4, input power supply, if the current is relatively large, it is recommended to reduce the length and area of the line, do not run the field

The switching noise on the input is coupled to the plane of the power output. The switching noise of the MOS tube of the output power supply affects the input power supply of the preceding stage.

If there are a lot of high current DCDC on the circuit board, there are different frequencies, high current and high voltage jump interference.

So we need to reduce the area of the input power supply to meet the current. So when the power supply layout, to consider avoiding the input power full board run.

5. Power cables and ground cables

The positions of power cables and ground cables are well coordinated to reduce the possibility of electromagnetic interference (EMl). If the power cable and ground cable are not properly matched, the system loop will be designed and may generate noise. The PCB design example of improper combination of power cable and ground cable is shown in the figure. On this circuit board, different routes are used to distribute the power cord and ground wire. Because of this improper match, the electronic components and circuits of the circuit board are subject to electromagnetic interference (EMI).

6, digital separation

In each PCB design, the noisy and "quiet" (non-noisy) parts of the circuit are separated.

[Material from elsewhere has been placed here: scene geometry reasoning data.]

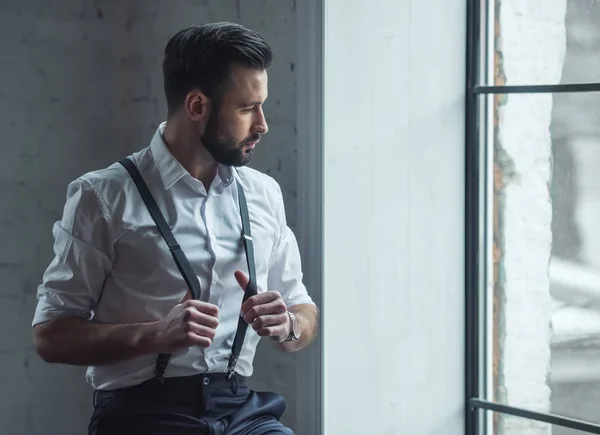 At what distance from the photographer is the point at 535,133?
120 inches

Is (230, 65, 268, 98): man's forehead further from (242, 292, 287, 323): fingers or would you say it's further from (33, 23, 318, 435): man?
(242, 292, 287, 323): fingers

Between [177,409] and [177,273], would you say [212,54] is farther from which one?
[177,409]

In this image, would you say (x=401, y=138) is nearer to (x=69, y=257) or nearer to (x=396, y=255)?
(x=396, y=255)

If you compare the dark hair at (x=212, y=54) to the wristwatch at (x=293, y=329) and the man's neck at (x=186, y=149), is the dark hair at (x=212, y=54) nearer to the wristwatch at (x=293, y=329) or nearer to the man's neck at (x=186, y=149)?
the man's neck at (x=186, y=149)

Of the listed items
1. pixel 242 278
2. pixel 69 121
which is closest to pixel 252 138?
pixel 242 278

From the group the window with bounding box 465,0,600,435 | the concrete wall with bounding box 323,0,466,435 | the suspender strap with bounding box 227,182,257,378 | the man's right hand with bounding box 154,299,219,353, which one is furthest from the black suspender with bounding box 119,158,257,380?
the window with bounding box 465,0,600,435

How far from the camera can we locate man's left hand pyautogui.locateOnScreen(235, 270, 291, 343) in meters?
2.10

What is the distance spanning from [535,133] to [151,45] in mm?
1203

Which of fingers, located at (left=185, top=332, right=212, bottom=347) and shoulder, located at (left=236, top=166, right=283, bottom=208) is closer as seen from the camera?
fingers, located at (left=185, top=332, right=212, bottom=347)

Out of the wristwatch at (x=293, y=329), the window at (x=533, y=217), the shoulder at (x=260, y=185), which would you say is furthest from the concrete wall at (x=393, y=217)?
the wristwatch at (x=293, y=329)

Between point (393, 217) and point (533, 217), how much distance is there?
46cm

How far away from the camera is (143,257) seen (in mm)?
2170

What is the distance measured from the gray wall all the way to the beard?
55 cm

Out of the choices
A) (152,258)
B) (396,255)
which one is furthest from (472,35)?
(152,258) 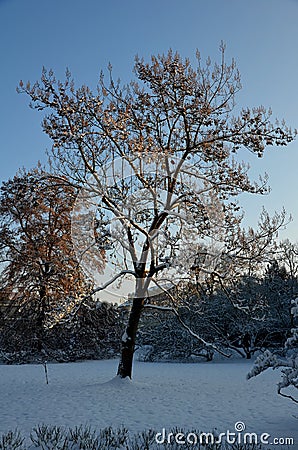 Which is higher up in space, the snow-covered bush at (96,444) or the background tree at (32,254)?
the background tree at (32,254)

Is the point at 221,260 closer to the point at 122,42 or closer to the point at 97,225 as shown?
the point at 97,225

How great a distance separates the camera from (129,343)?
34.8 ft

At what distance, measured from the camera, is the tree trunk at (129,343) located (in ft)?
34.5

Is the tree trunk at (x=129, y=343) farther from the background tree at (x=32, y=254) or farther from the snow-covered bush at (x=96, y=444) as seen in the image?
the background tree at (x=32, y=254)

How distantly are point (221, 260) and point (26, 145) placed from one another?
5.69 m

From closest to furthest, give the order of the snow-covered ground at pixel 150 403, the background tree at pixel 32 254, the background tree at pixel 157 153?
the snow-covered ground at pixel 150 403, the background tree at pixel 157 153, the background tree at pixel 32 254

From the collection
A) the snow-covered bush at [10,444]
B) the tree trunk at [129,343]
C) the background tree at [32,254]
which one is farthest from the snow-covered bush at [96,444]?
the background tree at [32,254]

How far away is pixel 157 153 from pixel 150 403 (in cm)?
570

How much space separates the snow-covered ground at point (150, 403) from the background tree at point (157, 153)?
151cm

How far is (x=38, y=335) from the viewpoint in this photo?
57.1 ft

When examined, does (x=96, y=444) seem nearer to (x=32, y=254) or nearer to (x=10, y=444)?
(x=10, y=444)

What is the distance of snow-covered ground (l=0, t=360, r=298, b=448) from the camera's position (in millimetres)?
6238

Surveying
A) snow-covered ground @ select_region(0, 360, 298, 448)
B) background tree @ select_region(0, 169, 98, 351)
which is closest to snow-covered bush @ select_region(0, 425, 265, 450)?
snow-covered ground @ select_region(0, 360, 298, 448)

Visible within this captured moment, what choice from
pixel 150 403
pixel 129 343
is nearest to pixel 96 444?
pixel 150 403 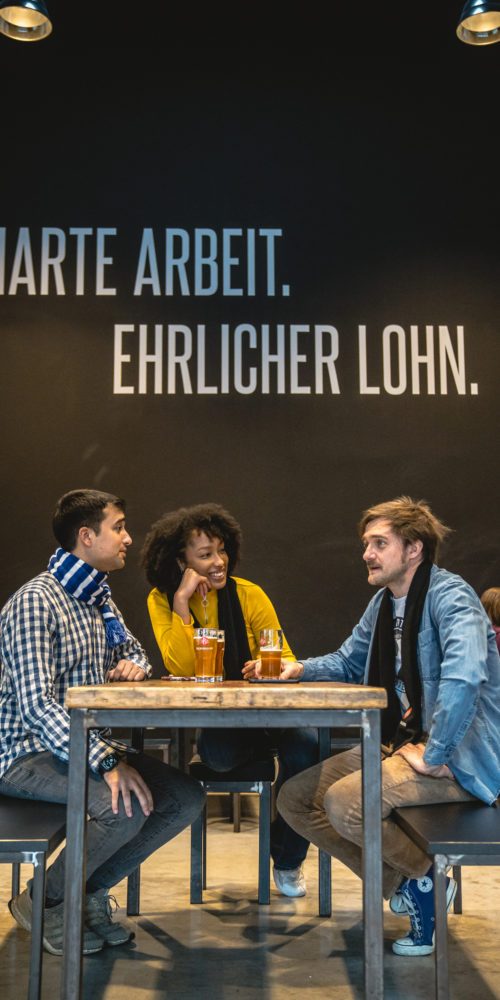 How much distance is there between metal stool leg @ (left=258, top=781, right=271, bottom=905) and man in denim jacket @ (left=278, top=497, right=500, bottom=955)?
0.91 feet

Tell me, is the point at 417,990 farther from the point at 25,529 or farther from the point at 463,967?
the point at 25,529

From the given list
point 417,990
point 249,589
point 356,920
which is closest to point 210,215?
point 249,589

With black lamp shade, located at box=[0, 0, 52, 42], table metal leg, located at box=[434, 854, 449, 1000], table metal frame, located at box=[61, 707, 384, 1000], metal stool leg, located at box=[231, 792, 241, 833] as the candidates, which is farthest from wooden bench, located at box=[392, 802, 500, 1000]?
black lamp shade, located at box=[0, 0, 52, 42]

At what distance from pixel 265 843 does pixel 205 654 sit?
0.90m

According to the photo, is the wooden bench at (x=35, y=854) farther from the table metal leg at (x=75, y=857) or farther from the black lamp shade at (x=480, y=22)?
the black lamp shade at (x=480, y=22)

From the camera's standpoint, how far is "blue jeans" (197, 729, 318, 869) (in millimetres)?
2924

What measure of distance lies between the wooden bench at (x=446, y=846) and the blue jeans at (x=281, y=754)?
37.3 inches

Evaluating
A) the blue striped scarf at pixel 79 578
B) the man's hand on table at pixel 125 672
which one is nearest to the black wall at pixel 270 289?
the man's hand on table at pixel 125 672

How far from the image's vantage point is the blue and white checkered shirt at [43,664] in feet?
7.29

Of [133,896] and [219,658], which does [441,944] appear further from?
[133,896]

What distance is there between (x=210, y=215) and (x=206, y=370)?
85 centimetres

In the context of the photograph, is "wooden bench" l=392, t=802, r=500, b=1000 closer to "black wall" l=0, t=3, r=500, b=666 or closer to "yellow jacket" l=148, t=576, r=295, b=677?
"yellow jacket" l=148, t=576, r=295, b=677

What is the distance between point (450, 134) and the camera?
5.20 m

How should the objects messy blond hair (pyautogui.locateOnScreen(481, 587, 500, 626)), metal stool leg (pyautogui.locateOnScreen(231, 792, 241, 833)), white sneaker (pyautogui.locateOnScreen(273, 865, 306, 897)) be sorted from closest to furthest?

Generally speaking, digital circuits can tolerate noise interference and are not sensitive to noise (because digital circuits have a large voltage noise tolerance); In contrast, the voltage noise tolerance of an analog circuit is much smaller. Of the two, the analog circuit is the most sensitive to switching noise. In the wiring of a mixed-signal system, the two circuits are separated.

The basic knowledge of circuit board wiring applies to both analog and digital circuits. A basic rule of experience is to use an uninterrupted ground plane. This basic rule reduces the dI/dt effect in digital circuits, because the dI/dt effect causes the potential of the ground and introduces noise into analog circuits. The wiring techniques for digital and analog circuits are basically the same, except for one thing. For analog circuits, also need to pay attention to another point, is to put the digital signal line and ground plane circuit as far away from the analog circuit. This can be achieved by either connecting the analog ground plane individually to the systematic connection, or by placing the analog circuit at the farthest end of the board, the end of the line. This is done to keep the signal path to a minimum of external interference. This is not necessary for digital circuits, which can tolerate large amounts of noise in the ground plane without problems.

7, heat dissipation consideration

In the PCB layout process, need to consider the heat dissipation duct, heat dissipation dead Angle;

Do not place heat-sensitive devices behind heat sources and wind. Give priority to the layout of DDR such as heat dissipation difficulties. Avoid repeated adjustment due to failure of thermal simulation.